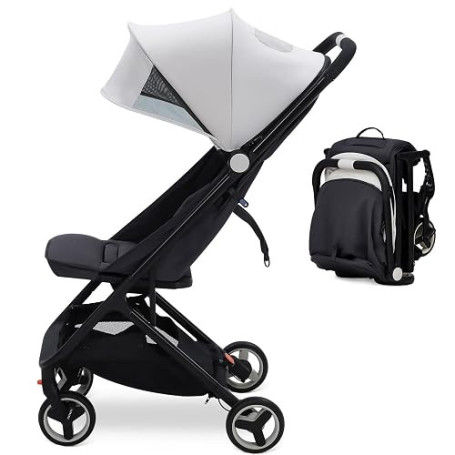 IDEALHOUSE Poussette ultra-compacte pour bébé – Légère et pliable à une main – Dossier inclinable 95-150°, harnais 5 points, rou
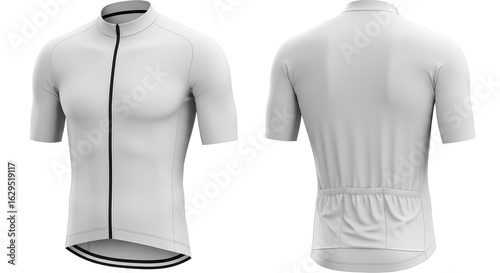 Blank short sleeve cycling jersey mockup for custom apparel design. Front and back view of athletic sportswear template.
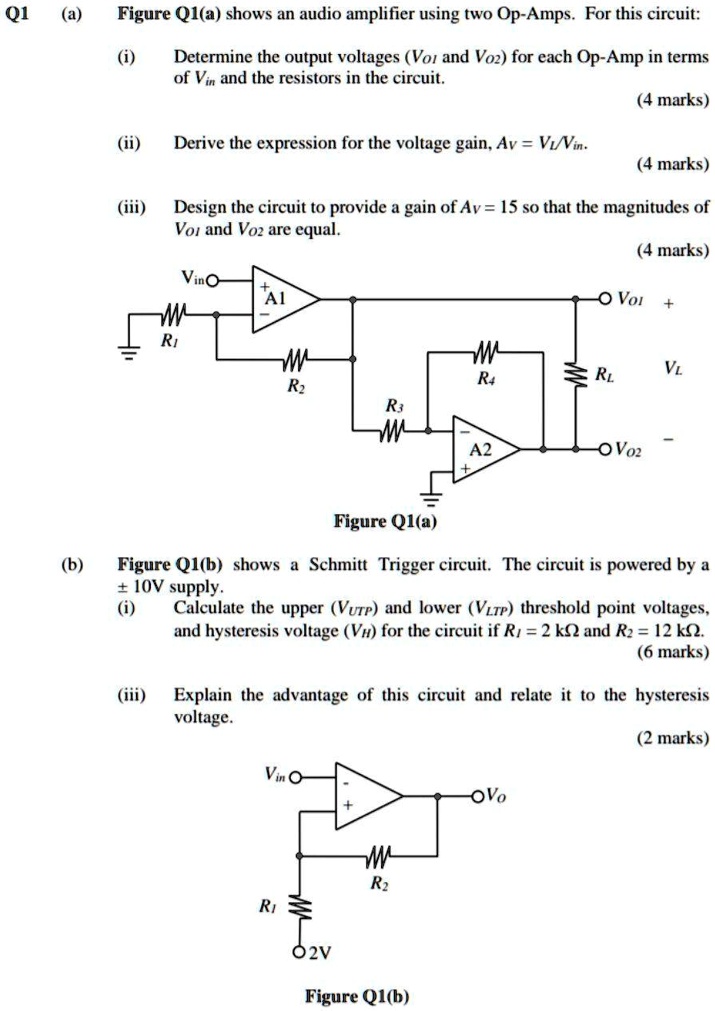 SOLVED (a) Figure Q1a shows an audio amplifier using two OpAmps. For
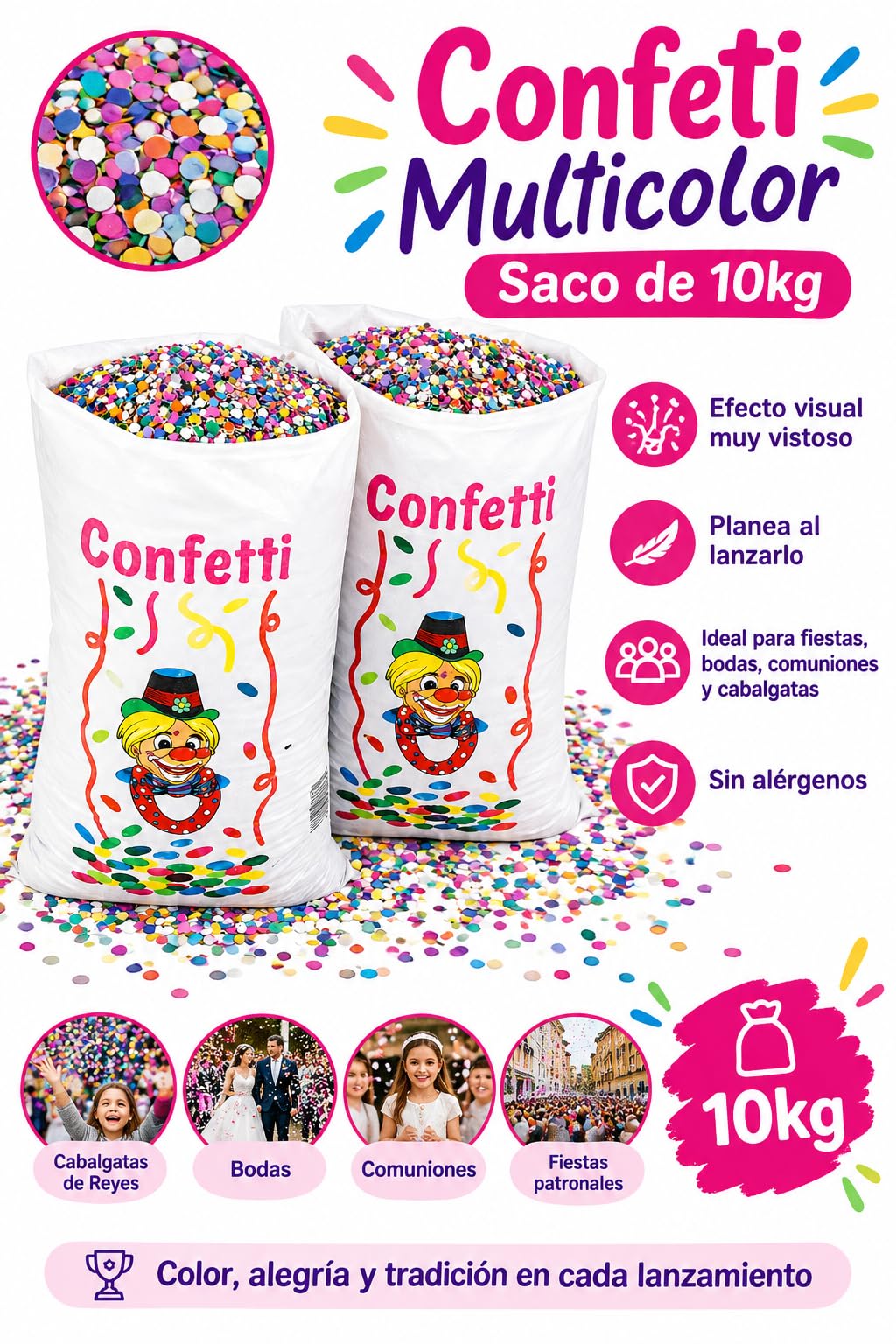 Confeti Multicolor Saco 10kg Papel para Fiestas y Cabalgatas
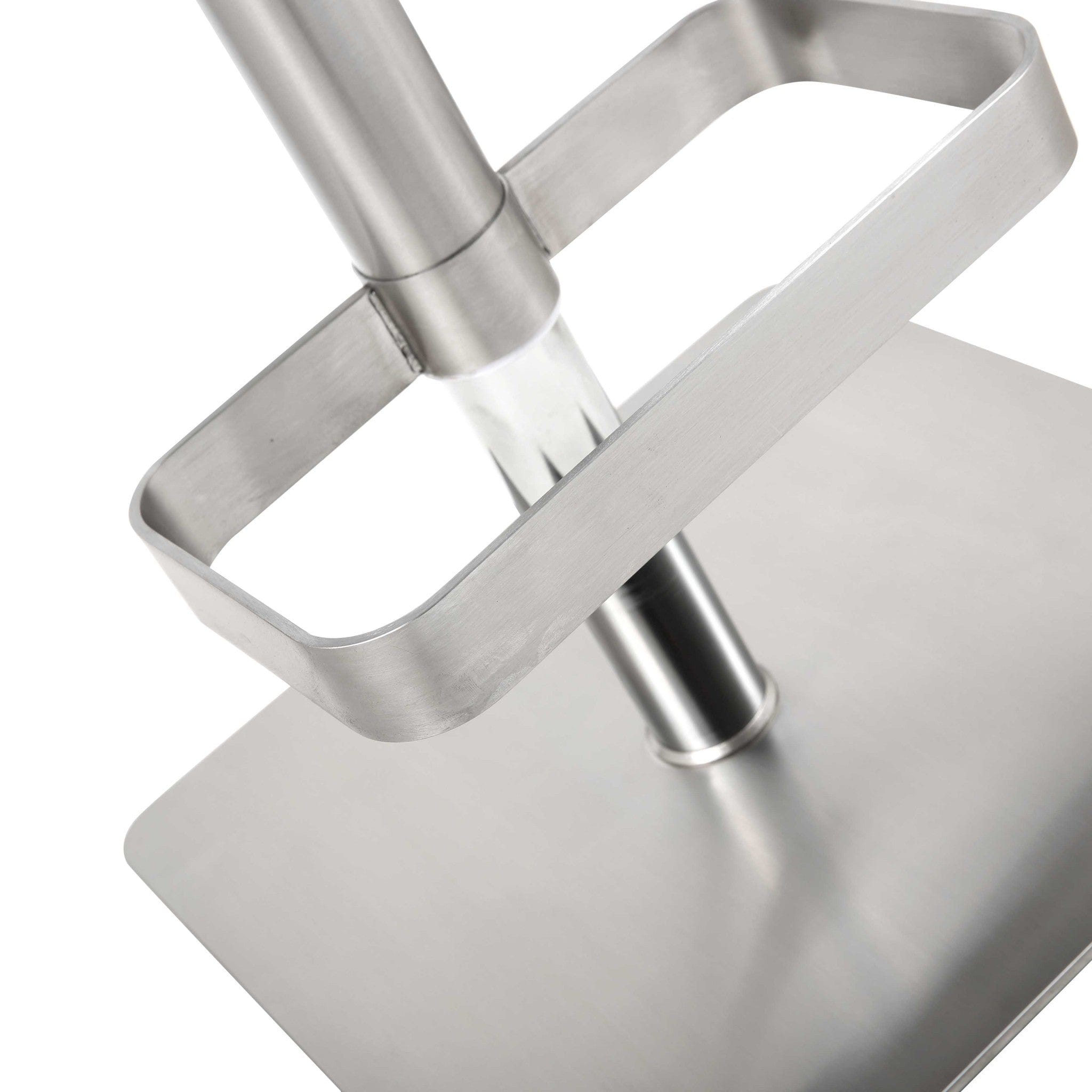 26 " White And Silver Stainless Steel Counter Height Bar Chair - Homeroots - Flyclothing LLC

○ ○ ○ ○

What this task involves: Your output should be only the lines from the line with "Confeti Multicolor Saco" through the end of the data, exactly as they stand, and no pictures.

Written reply:
 Confeti Multicolor Saco 10kg Papel para Fiestas y Cabalgatas
 26 " White And Silver Stainless Steel Counter Height Bar Chair - Homeroots - Flyclothing LLC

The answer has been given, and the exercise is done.